* _Your task_:
From the line containing "10 Photograph of" through the last line of the entries below, transcribe each line exactly, excluding any picture.
[Opening Data in this exercise section]
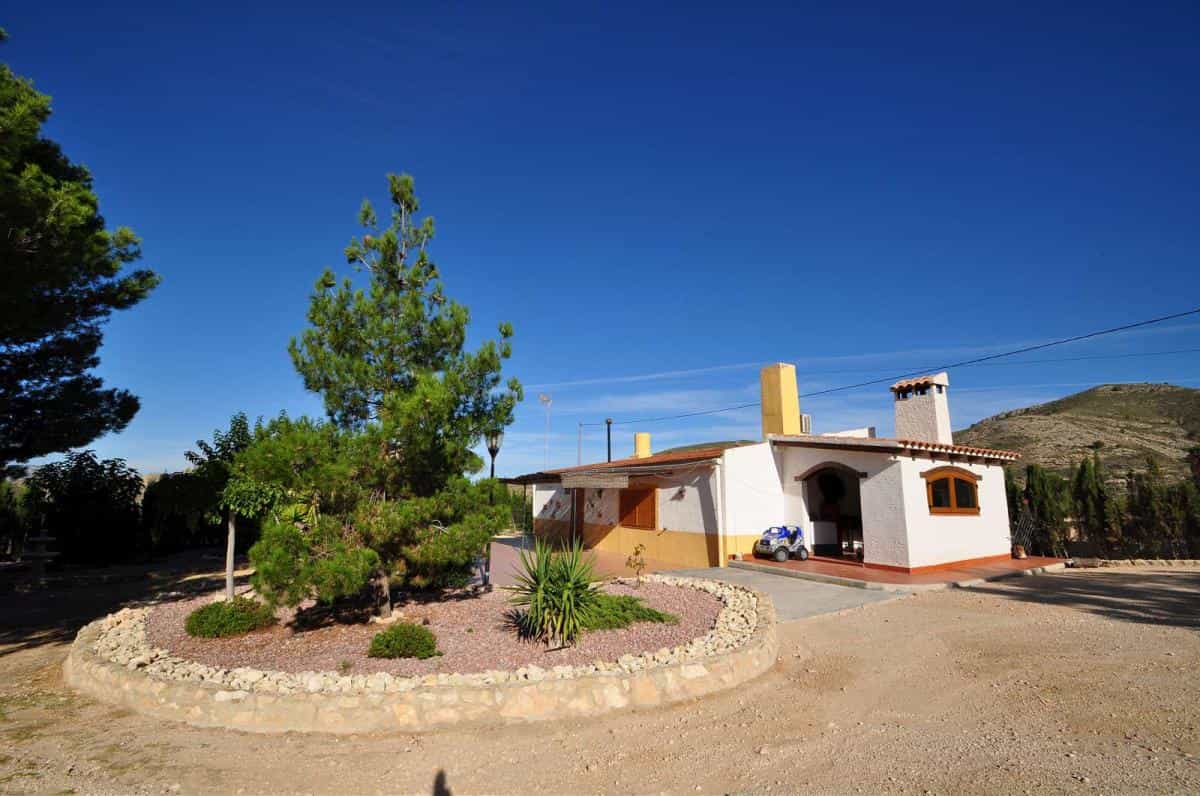 House in Elda, Comunidad Valenciana 10722896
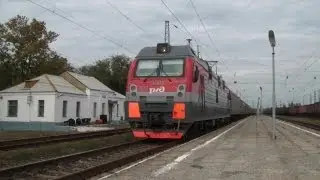 ЭП1М-703 с поездом №310 Воркута &mdash; Адлер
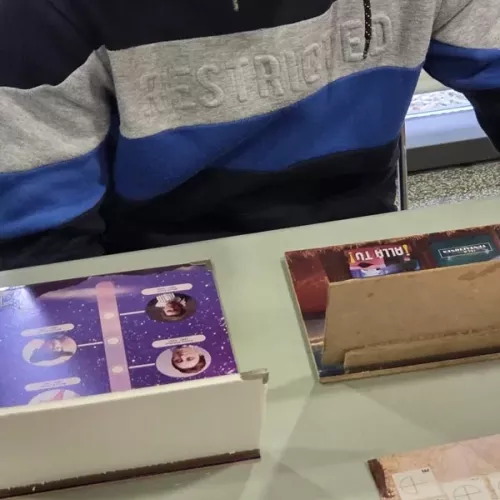 Momento de la yincana cultural “Expedición Bitácora”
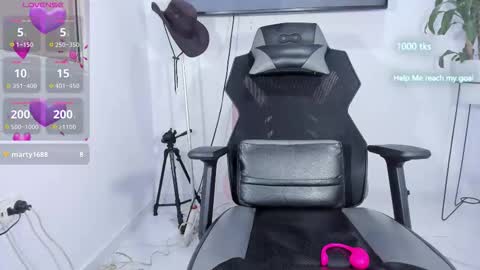 Snapshot of emily_palmeer chatting on October 14, 11:57 am emily_palmeer online show from October 14, 11:57 am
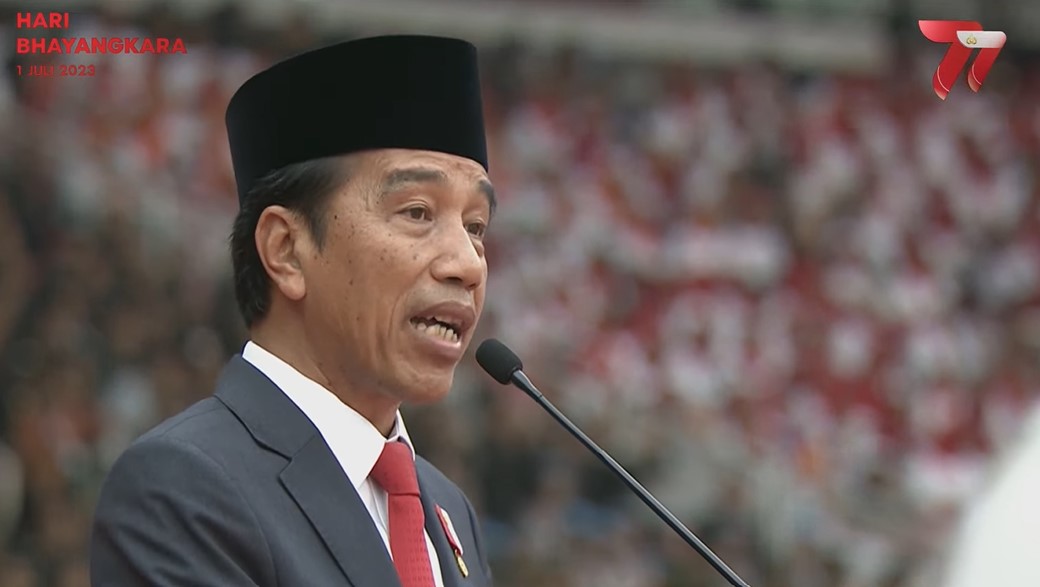Presiden RI Jokowi saat memberi amanat di upacara Hari Bhayangkara ke-77 di GBK, Jakarta, Sabtu (1/7/2023). (Dok/Humas Polri)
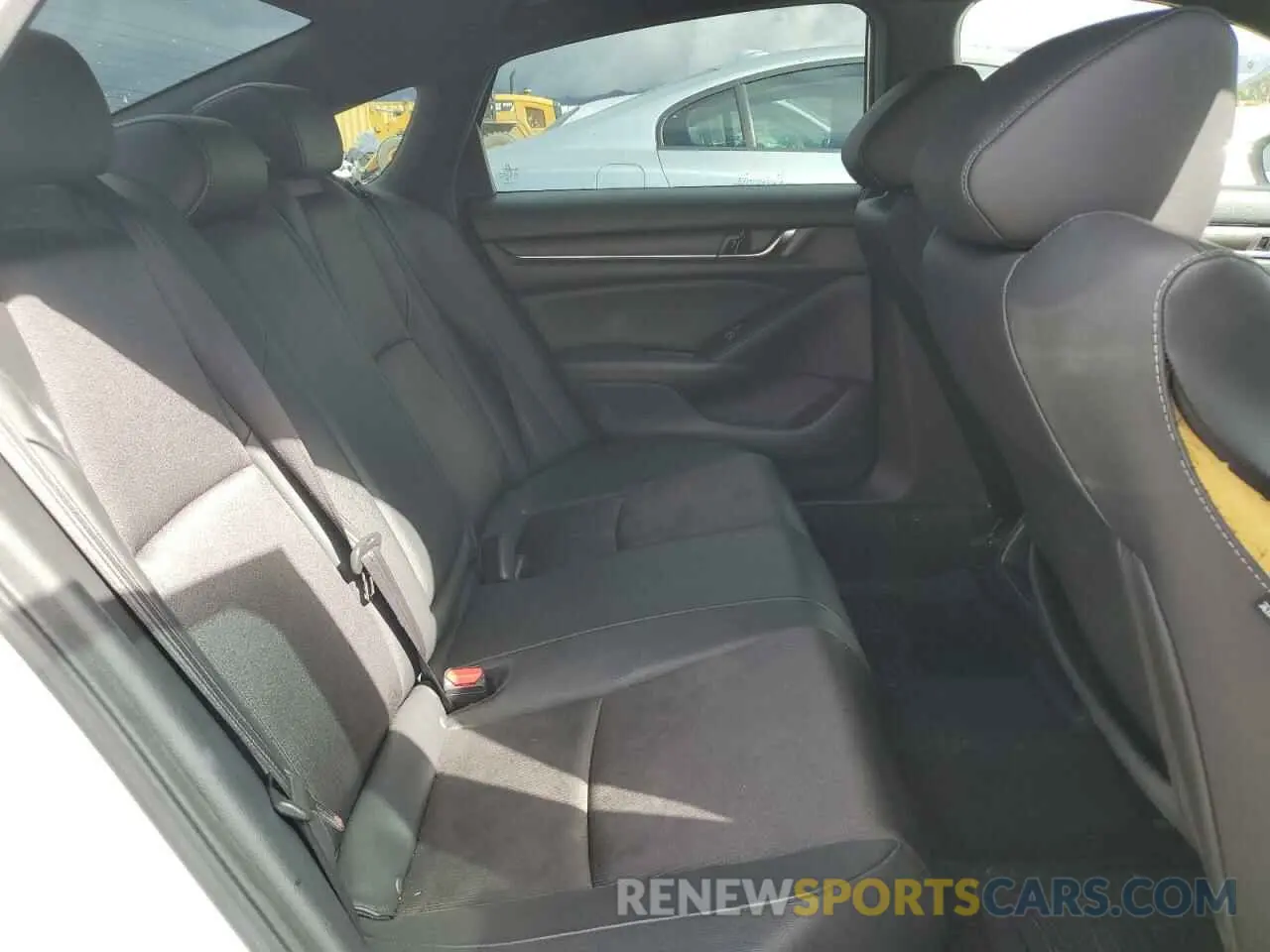 10 Photograph of a damaged car 1HGCV1F34KA086529 HONDA ACCORD 2019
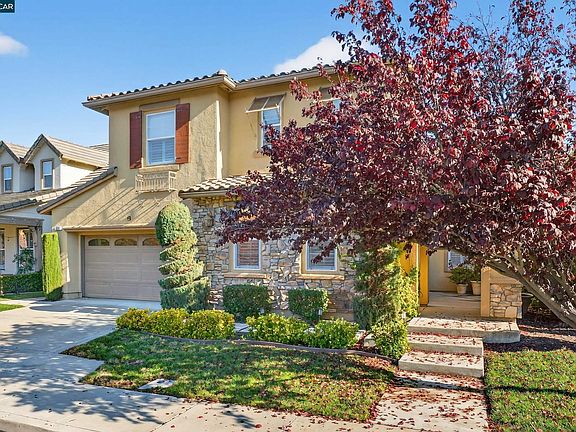 3rd image of 626 Karina Ct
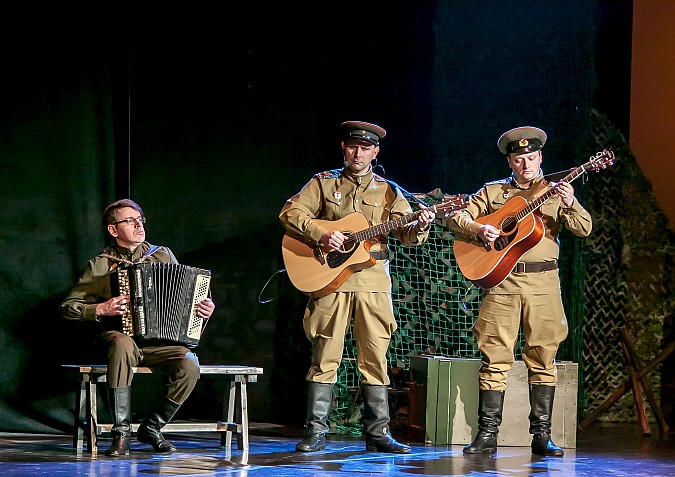 Общим исполнением «Дня победы» завершился большой концерт в Кинешемском театре фото 11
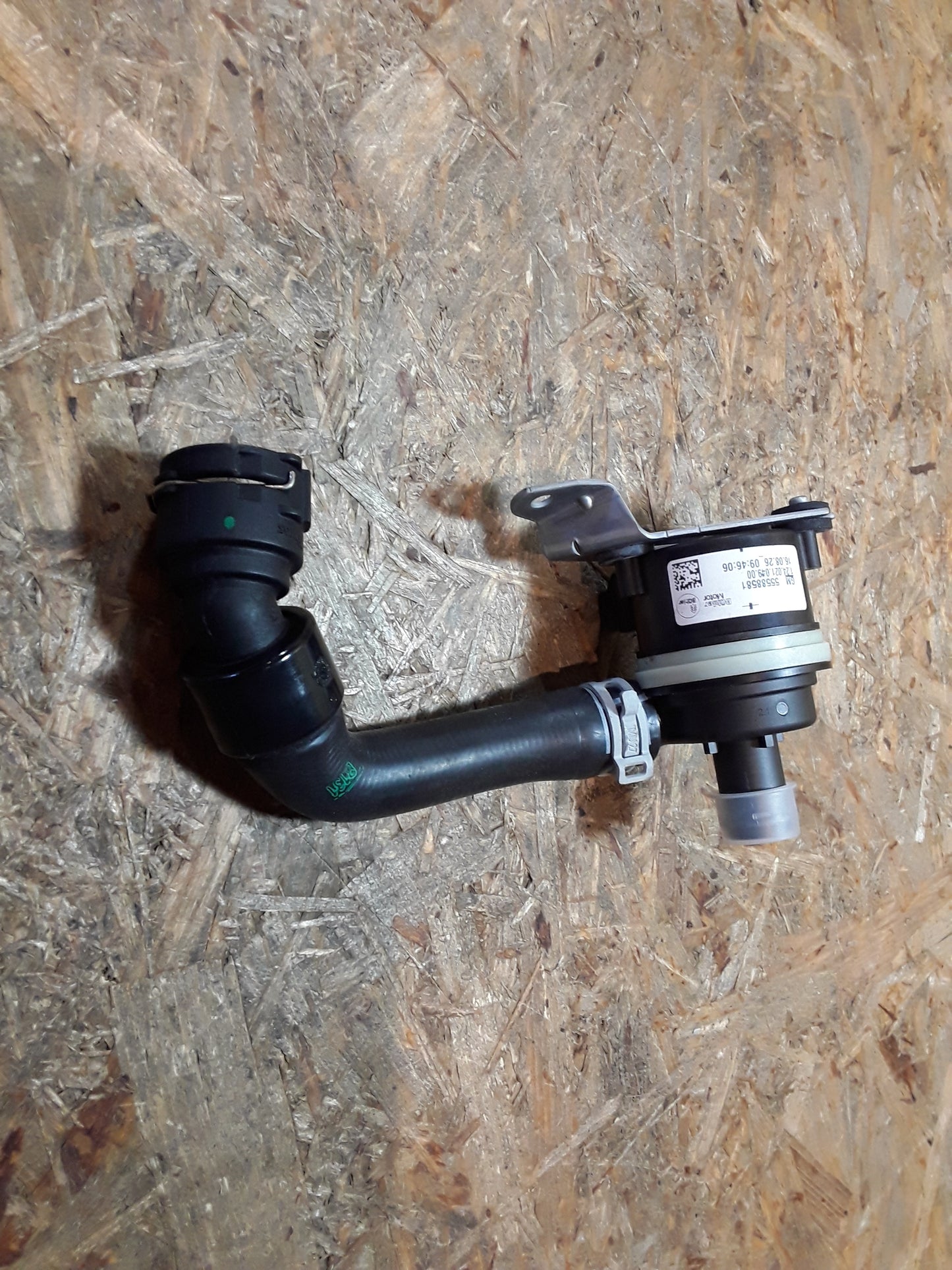 Astra J 1,6 Zusatzwasserpumpe original GM Opel NEU
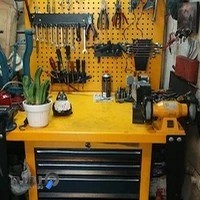 تعمیرگاه موتورسیکلت حمید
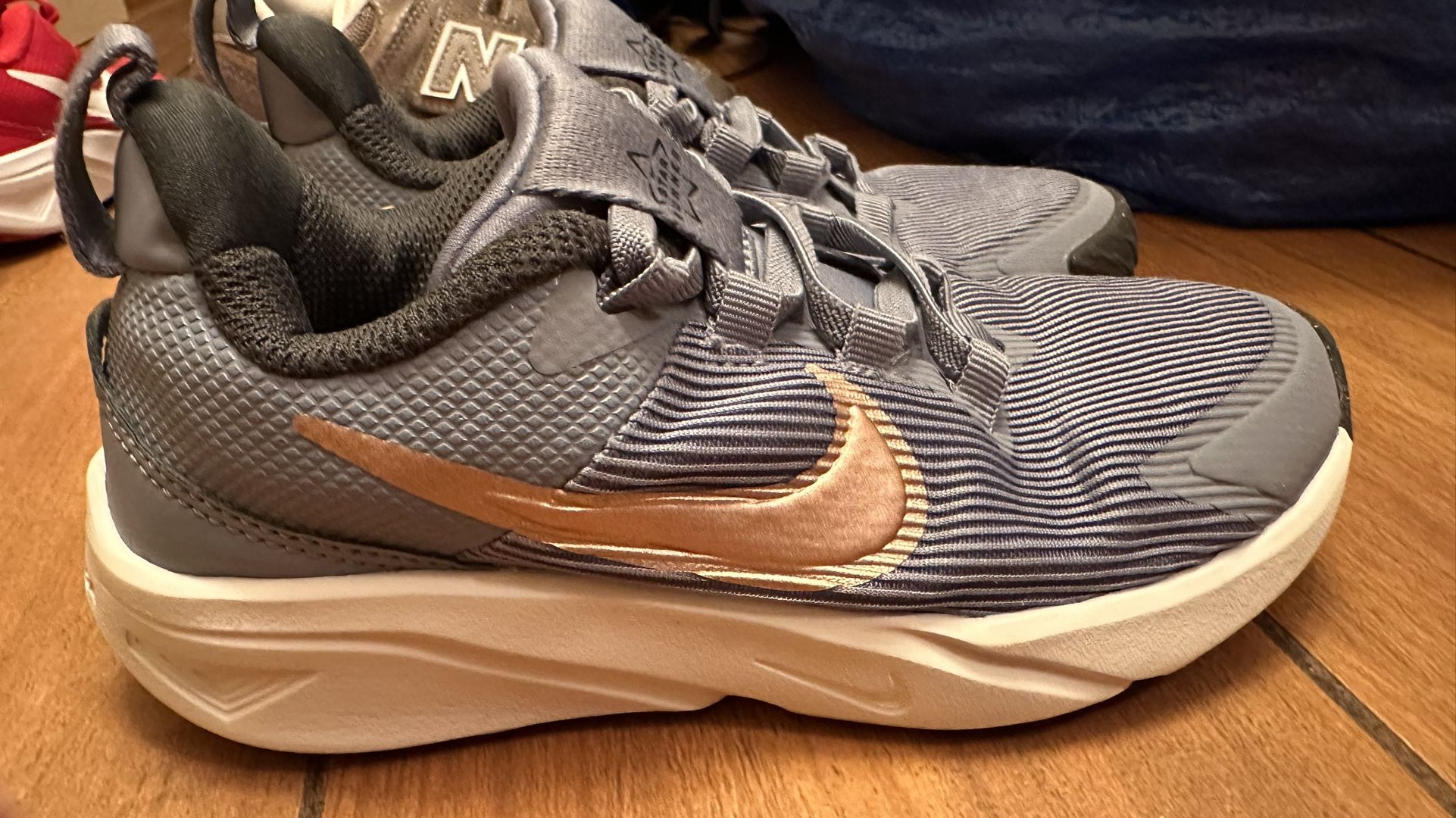Nike boys snickers 
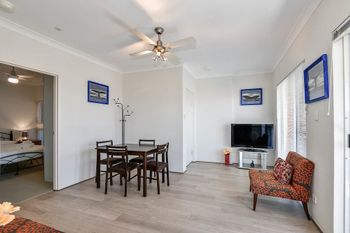 Renovated Apartment With Pool - Accommodation Port Macquarie 4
[Closing Data in this exercise section]
* _Output of the exercise_:
 10 Photograph of a damaged car 1HGCV1F34KA086529 HONDA ACCORD 2019
 3rd image of 626 Karina Ct
 Общим исполнением «Дня победы» завершился большой концерт в Кинешемском театре фото 11
 Astra J 1,6 Zusatzwasserpumpe original GM Opel NEU
 تعمیرگاه موتورسیکلت حمید
Nike boys snickers 
 Renovated Apartment With Pool - Accommodation Port Macquarie 4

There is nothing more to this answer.